Brief descriptive captions:
━━━━━━━━━━━━━━━━

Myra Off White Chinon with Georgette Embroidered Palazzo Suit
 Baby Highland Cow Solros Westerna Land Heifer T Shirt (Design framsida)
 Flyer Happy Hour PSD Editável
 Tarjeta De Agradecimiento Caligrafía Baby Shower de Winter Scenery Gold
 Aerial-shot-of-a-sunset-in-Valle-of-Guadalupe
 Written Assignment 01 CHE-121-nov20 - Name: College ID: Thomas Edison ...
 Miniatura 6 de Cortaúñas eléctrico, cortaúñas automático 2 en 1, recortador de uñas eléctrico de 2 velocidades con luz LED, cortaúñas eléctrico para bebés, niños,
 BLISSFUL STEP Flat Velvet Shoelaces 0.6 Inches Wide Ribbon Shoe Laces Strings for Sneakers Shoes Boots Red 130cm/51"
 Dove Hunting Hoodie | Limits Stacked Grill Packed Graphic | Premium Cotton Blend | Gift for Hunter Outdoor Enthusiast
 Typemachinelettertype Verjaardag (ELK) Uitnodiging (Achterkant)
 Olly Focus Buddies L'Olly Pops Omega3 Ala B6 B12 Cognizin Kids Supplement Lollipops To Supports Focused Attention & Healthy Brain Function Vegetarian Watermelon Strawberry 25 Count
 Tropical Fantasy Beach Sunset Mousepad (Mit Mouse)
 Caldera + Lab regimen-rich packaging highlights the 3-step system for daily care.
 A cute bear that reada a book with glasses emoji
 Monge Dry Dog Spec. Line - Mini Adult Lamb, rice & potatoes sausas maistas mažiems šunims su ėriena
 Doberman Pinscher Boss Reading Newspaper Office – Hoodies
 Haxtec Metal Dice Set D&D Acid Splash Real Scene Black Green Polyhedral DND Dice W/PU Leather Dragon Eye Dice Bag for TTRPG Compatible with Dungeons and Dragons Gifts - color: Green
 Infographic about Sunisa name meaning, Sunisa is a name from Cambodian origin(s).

━━━━━━━━━━━━━━━━

Instructions for the task: What is needed is an exact retyping of every line from the one containing "Flyer Happy Hour PSD Editável" through the final line of the entries, and only those lines.

Exercise answer:
 Flyer Happy Hour PSD Editável
 Tarjeta De Agradecimiento Caligrafía Baby Shower de Winter Scenery Gold
 Aerial-shot-of-a-sunset-in-Valle-of-Guadalupe
 Written Assignment 01 CHE-121-nov20 - Name: College ID: Thomas Edison ...
 Miniatura 6 de Cortaúñas eléctrico, cortaúñas automático 2 en 1, recortador de uñas eléctrico de 2 velocidades con luz LED, cortaúñas eléctrico para bebés, niños,
 BLISSFUL STEP Flat Velvet Shoelaces 0.6 Inches Wide Ribbon Shoe Laces Strings for Sneakers Shoes Boots Red 130cm/51"
 Dove Hunting Hoodie | Limits Stacked Grill Packed Graphic | Premium Cotton Blend | Gift for Hunter Outdoor Enthusiast
 Typemachinelettertype Verjaardag (ELK) Uitnodiging (Achterkant)
 Olly Focus Buddies L'Olly Pops Omega3 Ala B6 B12 Cognizin Kids Supplement Lollipops To Supports Focused Attention & Healthy Brain Function Vegetarian Watermelon Strawberry 25 Count
 Tropical Fantasy Beach Sunset Mousepad (Mit Mouse)
 Caldera + Lab regimen-rich packaging highlights the 3-step system for daily care.
 A cute bear that reada a book with glasses emoji
 Monge Dry Dog Spec. Line - Mini Adult Lamb, rice & potatoes sausas maistas mažiems šunims su ėriena
 Doberman Pinscher Boss Reading Newspaper Office – Hoodies
 Haxtec Metal Dice Set D&D Acid Splash Real Scene Black Green Polyhedral DND Dice W/PU Leather Dragon Eye Dice Bag for TTRPG Compatible with Dungeons and Dragons Gifts - color: Green
 Infographic about Sunisa name meaning, Sunisa is a name from Cambodian origin(s).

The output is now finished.